Don't Blindly Trust Your Java Profiler!

How do we know on what to focus our attention when trying to optimize the performance of a program? I suspect at least some of us will reach for sampling profilers. They keep the direct impact on the program execution low, and collect stack traces every so often during the program execution. This gives us an approximate view of where a program spends its time. Though, this approximation as it turns out can be surprisingly unreliable.

Humphrey started his research work wanting to make profilers produce more directly actionable suggestions where and how to optimize programs. Though, relatively quickly we noticed that sampling profilers are not only probabilistic as one would expect, but can give widely different results between runs, which do not necessarily converge with many runs either.

In 2010, Mytkowicz et al. identified safepoint bias as a key issue for sampling profilers for Java programs. Though, their results were not quite as bad as what we were seeing, so Humphrey started to design experiments to characterize the precision and accuracy of Java profilers in more detail.

How bad does it get?

Just before getting start, we’re fully aware that this isn’t a new issue and there are quite a number of great and fairly technical blogs out there discussing a large range of issues, for instance here, here, here, and here. In our work, we will only look at fully deterministic and small pure Java benchmarks to get a better understanding of what the current situation is.

What’s the issue you may ask? Well, let’s look at an example. Figure 1 shows the profiling results of Java Flight Recorder over 30 runs on the DeltaBlue benchmark. We see 8 different methods being identified as hottest method indicated by the hatched bars in red.

**Figure 1:** Bar chart for top 15 methods in the DeltaBlue benchmark identified by Java Flight Recorder. A bar represents the average percentage of run time over 30 runs, and the error bars indicated the minimum and maximum values.

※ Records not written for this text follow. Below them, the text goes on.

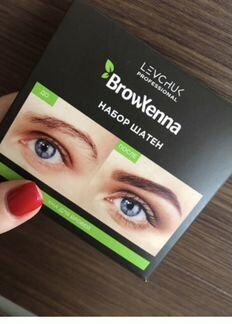 Хна brow henna (набор шатен)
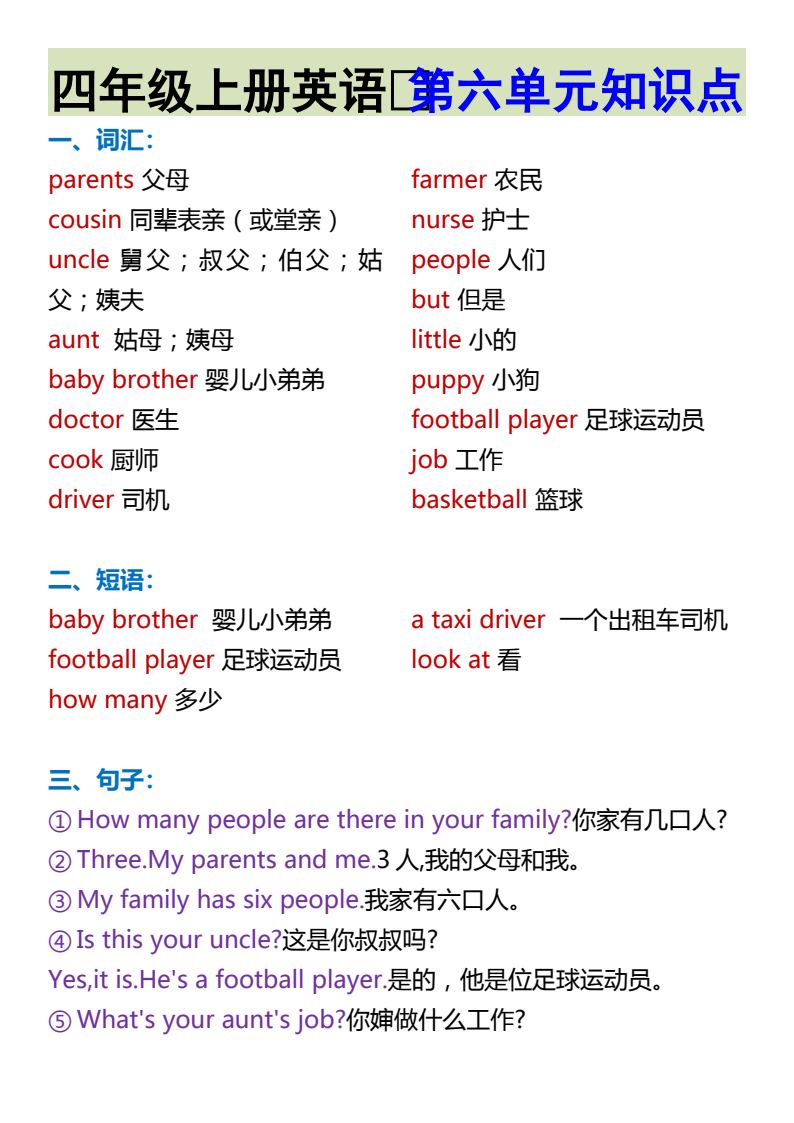 资料预览 第1页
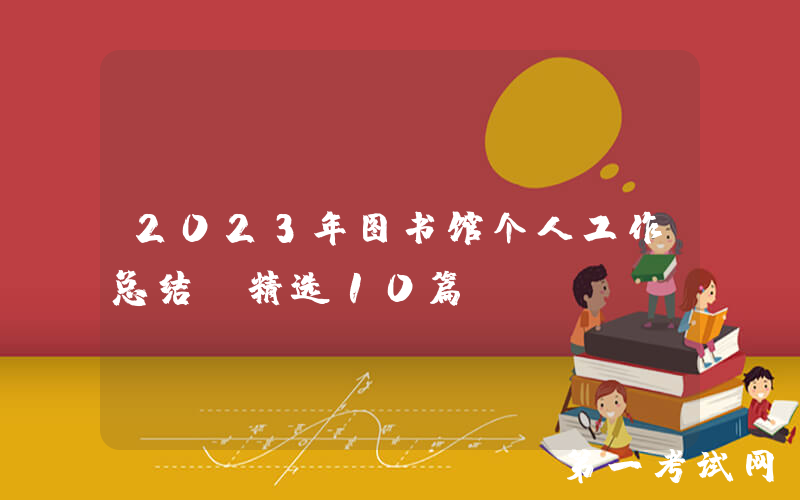 2023年图书馆个人工作总结（精选10篇）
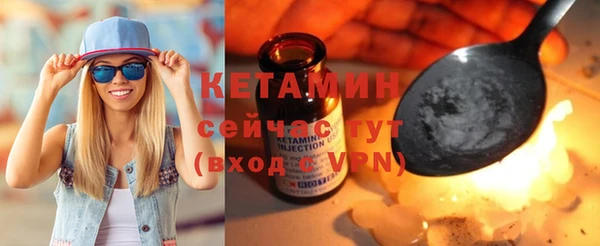мефедрон Верхний Тагил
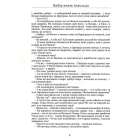 Вибір князя Аскольда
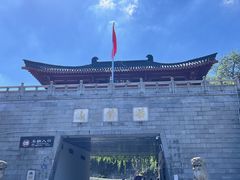 -岳麓山风景名胜区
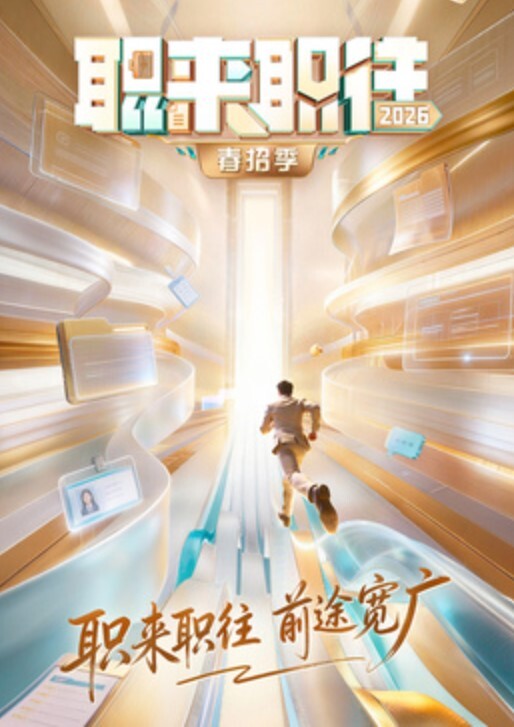 射在繼妹的陰戶裡！美少女嫩妹喜歡她繼兄弟的大雞巴 - 星空影院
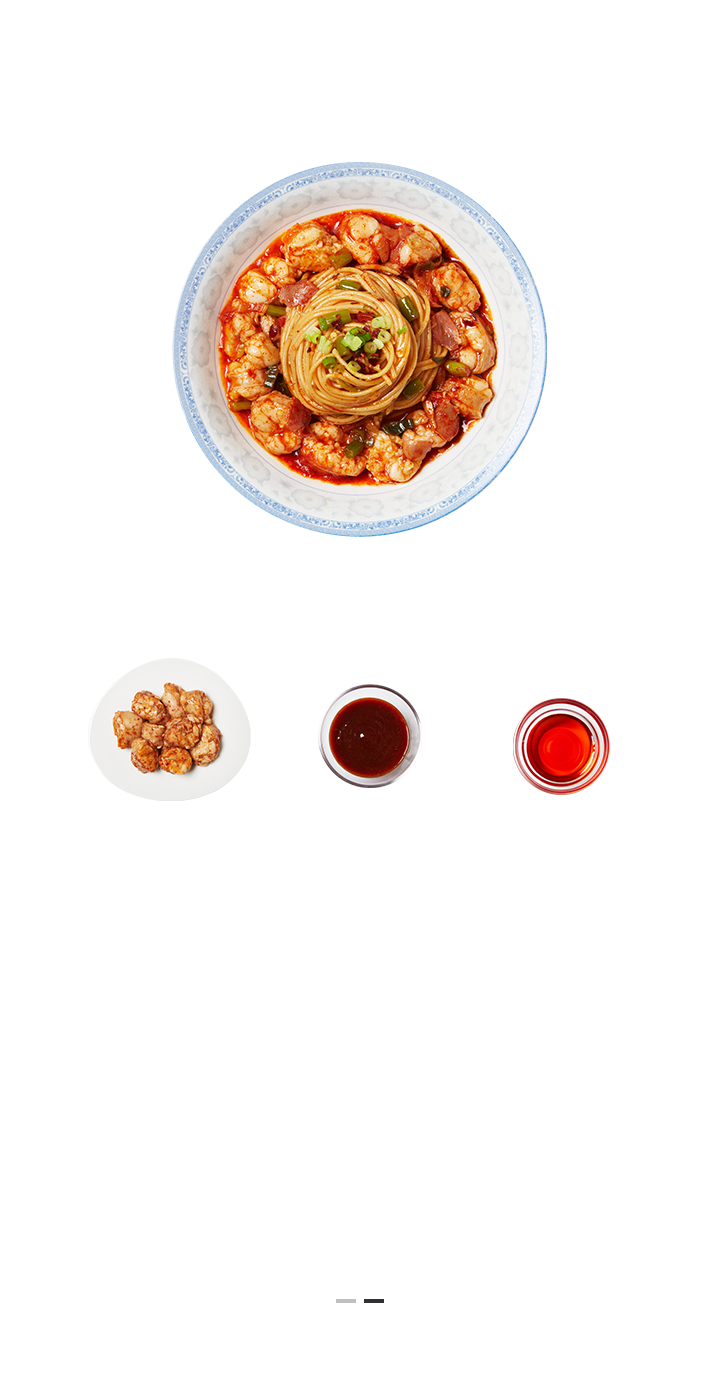 매거진>유일무이! 모두의 맛집 퓨전 파스타와 꼬막 짬뽕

Of course much of this could probably be explained with the non-determinism inherent to JVMs such as HotSpot: just-in-time compilation, parallel compilation, garbage collection, etc. However, we run each benchmark not only for 30 times but also long enough to be fully compiled. So, we basically give the profiler and JVM a best-case scenario.¹ ¹ At least to the degree that is practical. Though, benchmarking is hard, and there are many things going on in modern VMs. See also Tratt’s posts on the topic: 1, 2 And what do we get as a result? No clear indication where to start optimizing our application. However, if we would have looked at only a single profile, we may have started optimizing something that is rarely the bit of code the application spends most time on.

Fortunately, this is indeed the worst case we found.

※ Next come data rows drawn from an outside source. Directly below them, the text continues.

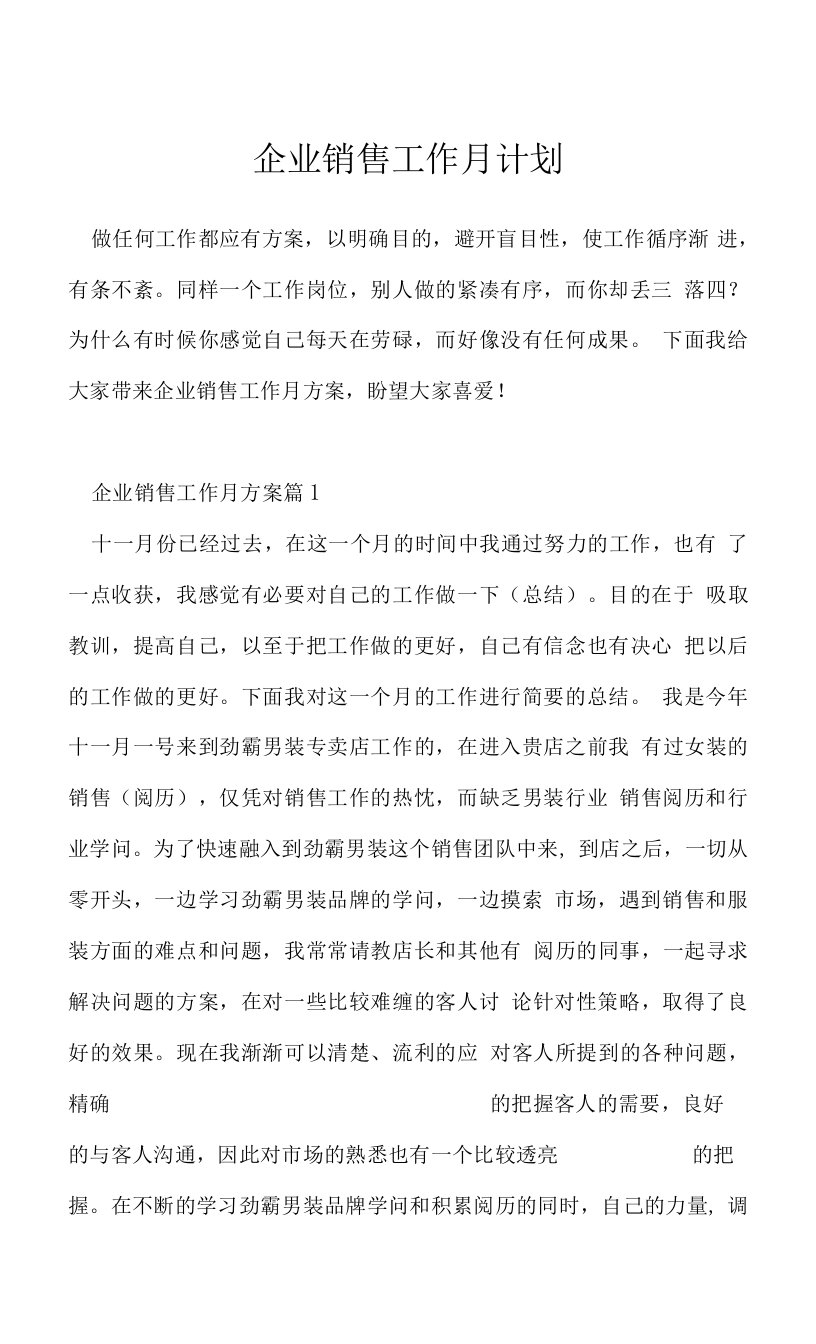 企业销售工作月计划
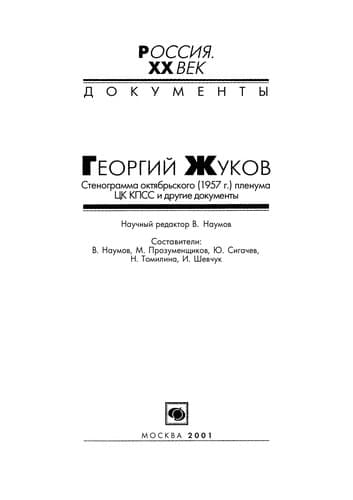 Tapa de Georgiĭ Zhukov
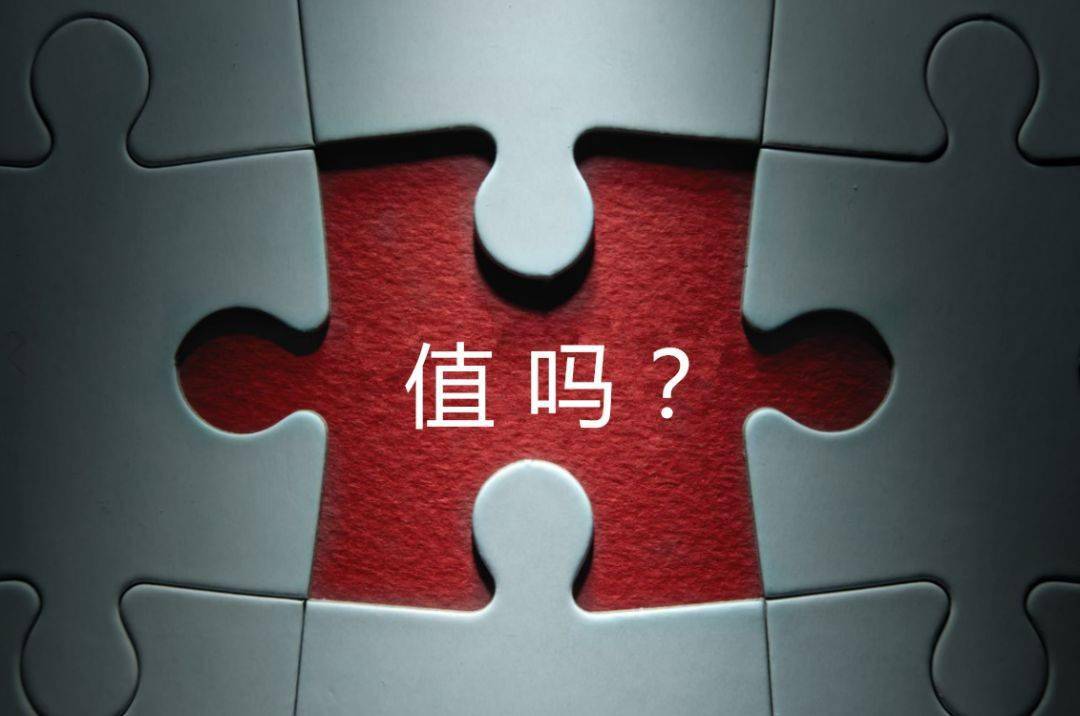 阳江市增长乏力实施步骤(增长乏力是什么意思)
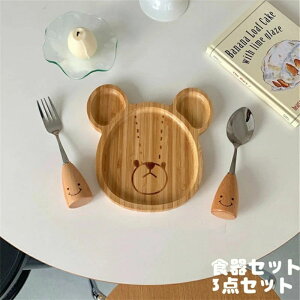 Ԃ oYj Ƒ l V bear F | T_{[ ЂƂ炵 HJg[ 3_Zbg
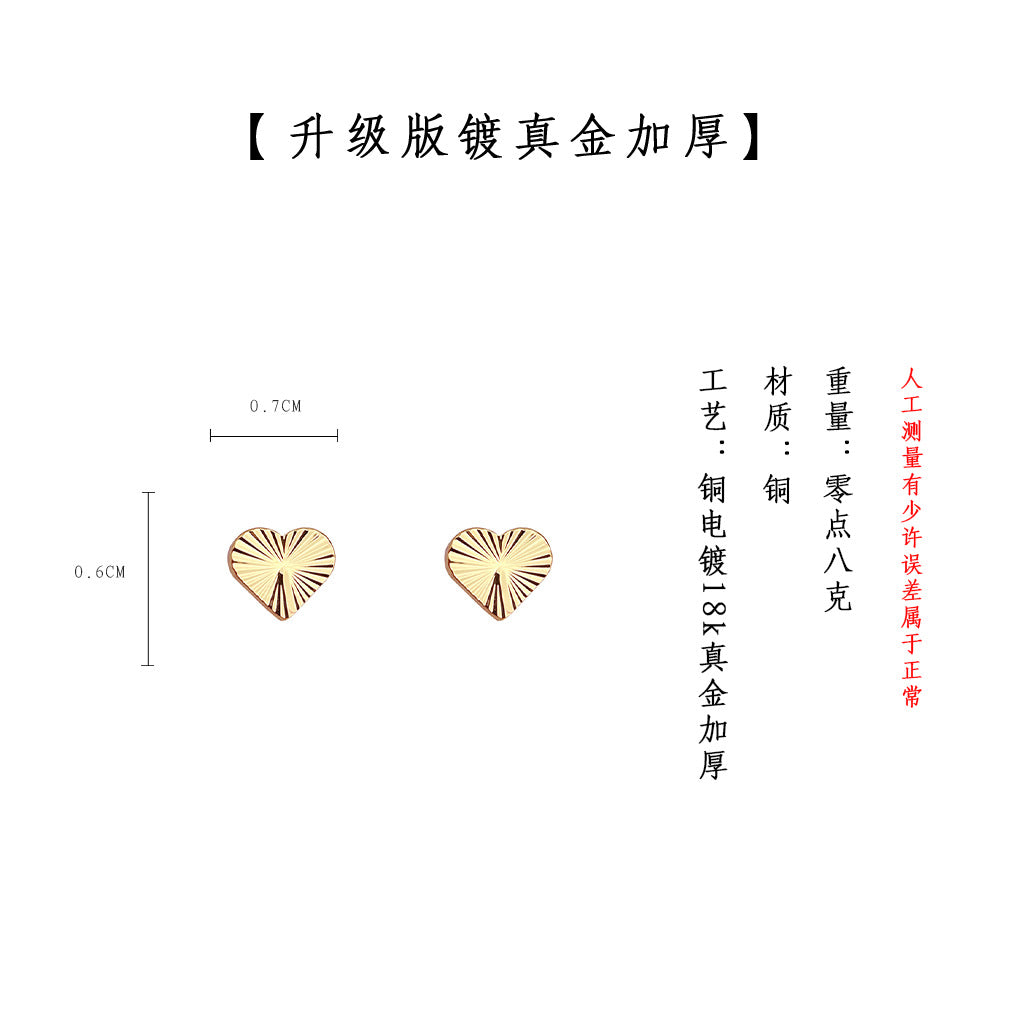 C廠【6652】車花工藝!厚鍍真金切割面很閃925銀針迷你小巧簡約愛心耳環耳飾
25.08-5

Overall, we looked at async-profiler, Honest Profiler, Java Flight Recorder, JProfiler, perf, and YourKit. Figure 2 shows box plots for each of these profilers to indicate the range of differences we found between the minimum and maximum run-time percentage reported for each method over all benchmarks. Thus, the median isn’t too bad, but each profiler shows cases where there is more than 15% difference between some of the runs.

**Figure 2:** An aggregate of the differences between the minimum and maximum run-time percentage per method over all benchmarks.

The paper goes into much more detail analyzing the results by comparing profilers with themselves and among each other to be able to characterize accuracy and precision without knowing a ground truth. It also includes plots that show how the results are distributed for specific methods to identify possible sources of the observed variation.

So, for all the details, please see the paper linked below. Any pointers and suggestions are also greatly appreciated perhaps on Twitter @smarr or Mastodon.

Abstract

To identify optimisation opportunities, Java developers often use sampling profilers that attribute a percentage of run time to the methods of a program. Even so these profilers use sampling, are probabilistic in nature, and may suffer for instance from safepoint bias, they are normally considered to be relatively reliable. However, unreliable or inaccurate profiles may misdirect developers in their quest to resolve performance issues by not correctly identifying the program parts that would benefit most from optimisations.

With the wider adoption of profilers such as async-profiler and Honest Profiler, which are designed to avoid the safepoint bias, we wanted to investigate how precise and accurate Java sampling profilers are today. We investigate the precision, reliability, accuracy, and overhead of async-profiler, Honest Profiler, Java Flight Recorder, JProfiler, perf, and YourKit, which are all actively maintained. We assess them on the fully deterministic Are We Fast Yet benchmarks to have a stable foundation for the probabilistic profilers.

We find that profilers are relatively reliable over 30 runs and normally report the same hottest method. Unfortunately, this is not true for all benchmarks, which suggests their reliability may be application-specific. Different profilers also report different methods as hottest and cannot reliably agree on the set of top 5 hottest methods. On the positive side, the average run time overhead is in the range of 1% to 5.4% for the different profilers.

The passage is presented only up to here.